Oral argument would help the 5th Circuit “in resolving the complex issues arising from a three-week trial in which a jury found Grande Communications Networks secondarily liable for infringing 1,403 copyrighted songs and awarded $46.7 million in statutory damages, on grounds that Grande provided internet service to the direct infringers,” said Grande’s opening brief Wednesday (docket 23-50162). Grande’s appeal seeks to reverse the district court’s May 11 denial of its renewed motion for judgment as a matter of law or remand the case for a new trial to get the jury award vacated (see 2306120002).
Four Democratic senators support keeping Chevron against the “decades-long effort by pro-corporate interests to eviscerate the federal government’s regulatory apparatus to the detriment of the American people,” said their U.S. Supreme Court amicus brief Thursday (docket 22-451) in support of the government respondents in Loper Bright Enterprises v. Raimondo (see 2309170001). “The call here to overturn Chevron and dismantle agency powers is a special interest solution in search of a problem,” said Sens. Sheldon Whitehouse of Rhode Island, Mazie Hirono of Hawaii, Dianne Feinstein of California and Elizabeth Warren of Massachusetts.
Senior executive branch officials, including senior White House officials, “threaten, pressure, and coerce social-media platforms to silence the core political speech of millions of Americans,” responded the Republican attorneys general of Louisiana and Missouri Wednesday (docket 23A243), urging U.S. Supreme Court Justice Samuel Alito to deny the government’s application for a full stay of the 5th Circuit’s injunction, pending resolution of its forthcoming cert petition (see 2309140041). Alito is circuit judge for the 5th Circuit.
Defendants WCO Spectrum, founder Gary Winnick and CEO Carl Katerndahl seek the dismissal of T-Mobile’s fraud complaint for failure to state a claim upon which relief can be granted, said their memorandum Monday (docket 2:23-cv-04347) in U.S. District Court for Central California in support of their motion to dismiss.
Though litigants “exaggerate,” it may “actually be true that the fate of the freedom of speech in America depends” on what the U.S. Supreme Court does with the preliminary injunction barring federal officials from coercing social media platforms to moderate their content, said the Children’s Health Defense and its founder, Robert F. Kennedy Jr.

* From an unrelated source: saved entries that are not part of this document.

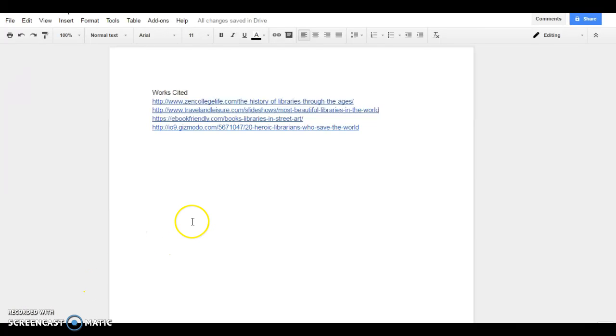Today we're talking Works Cited. We want to go from a list of links to a completed Works Cited page, and we want to make sure that our page is MLA-8.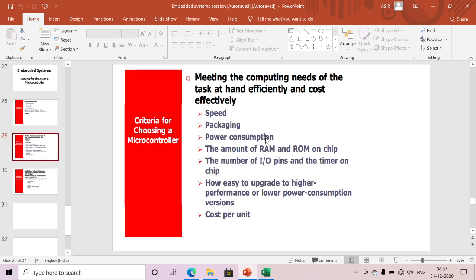The next criterion is power consumption. For example, the 8051 microcontroller has a power consumption of around 5 volts, while ARM7 or other modern microcontrollers operate at 3.3 volts. Based on our power consumption requirements, we also need to select our microcontroller, since battery backup depends on how much power is consumed.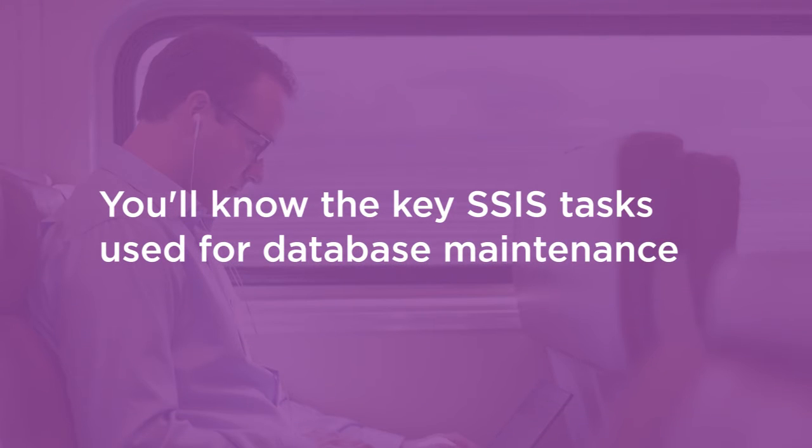By the end of this course, you'll know the key SSIS tasks used for database maintenance, both scheduled and ad hoc. You will also learn great techniques that you can use wherever you use SSIS and for whatever purpose.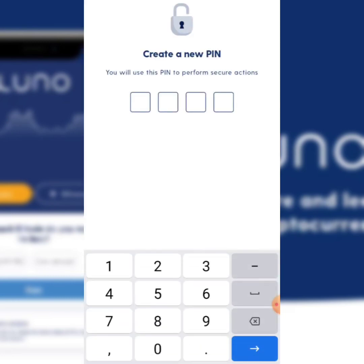Now you're going to create your new PIN for your Luno account. This PIN you don't have to share with anyone — just select any four-digit PIN that you will remember each time you access your Luno. I'm going to punch in my PIN now.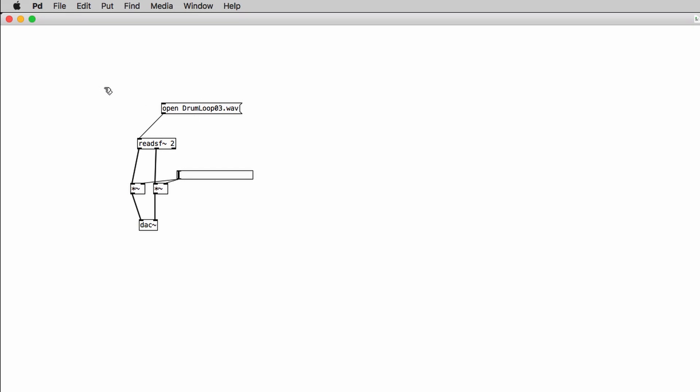So now to start and stop the playback of the file we can either use a toggle object or we can separately send a zero message and a one message. So we can create two new message boxes and inside one of those we type in zero and on the other one we type in one.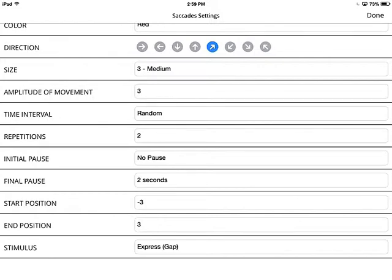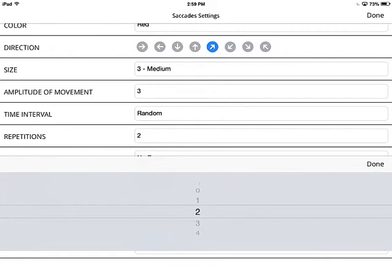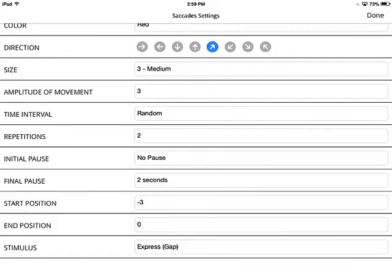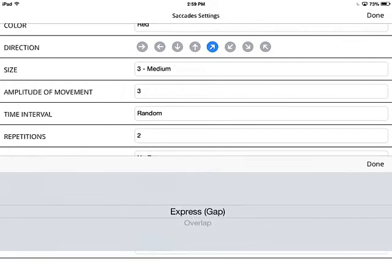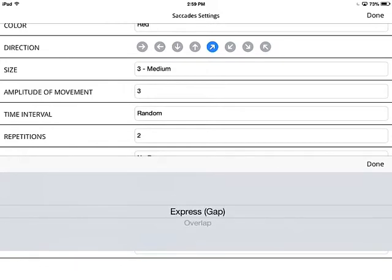For start position, since we're going left to right, let's select negative 3, and the end position zero — that will move over a very small range. For stimulus, your options are overlap and express. Express saccade means your target disappears — we have it set so it disappears for 100 milliseconds and then the next target reappears.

They filed an amicus brief Wednesday (docket 23A243) in opposition to the government’s application for a full stay of the injunction pending the disposition of its appeal (see 2309140041).
Montana’s statewide TikTok ban, SB-419, “is appropriately protecting its citizens’ privacy from TikTok and its troubling relationship with China,” said the Republican attorneys general of Virginia and 17 other states in an amici brief Monday (docket 9:23-cv-00061) in U.S. District Court for Montana in Missoula. The AGs oppose the plaintiffs’ consolidated motions for a preliminary injunction to block Montana AG Austin Knudsen (R) from enforcing SB-419 when it takes effect Jan. 1 (see 2309050003).
The facts of the case that sparked the preliminary injunction that bars officials from the White House, the Office of the Surgeon General, the FBI and the Centers for Disease Control and Prevention from coercing social media platforms to moderate their content show that the federal officials wielded “their influence and power to censor the speech of individuals” whose viewpoints they disfavored, said Ohio Attorney General Dave Yost (R).
Monday's decision of U.S. District Judge Beth Labson Freeman for Northern California granting NetChoice’s motion for a preliminary injunction to block California Attorney General Rob Bonta (D) from enforcing the state’s Age Appropriate Design Code (AB-2273) (see 2309180063) “lets Big Tech off the hook, and gives them a free pass to continue profiting off harm to our kids,” emailed California Assemblymember Buffy Wicks (D-Oakland), co-sponsor of AB-2273, through a spokesperson Tuesday.
A U.S. District judge for Northern Texas granted in part and denied in part AT&T’s motion to dismiss the Civil Rights Act Section 1981 complaint in which Legacy Equity Advisors alleged AT&T deprived it of bidding on Cricket Wireless, DirecTV, AT&T’s Puerto Rican wireless division and other divested assets because it’s Black-owned (see 2305040065). Judge Sidney Fitzwater in Dallas granted Legacy leave to file a first amended complaint, said his signed memorandum opinion and order Friday (docket 3:23-cv-00979).
Numerous media disclosures between July 9 and July 14 that Lumen Technologies had culpability for failing to remove the toxic lead cables it inherited decades ago from the Bell system sent the stock tumbling more than 22%, alleged plaintiff John McLemore’s securities fraud class action Friday (docket 3:23-cv-01290) in U.S. District Court for Western Louisiana in Monroe. McLemore alleges on behalf of himself and his proposed class that he bought Lumen shares at “artificially inflated prices,” and was “damaged upon the revelation of the alleged corrective disclosures.”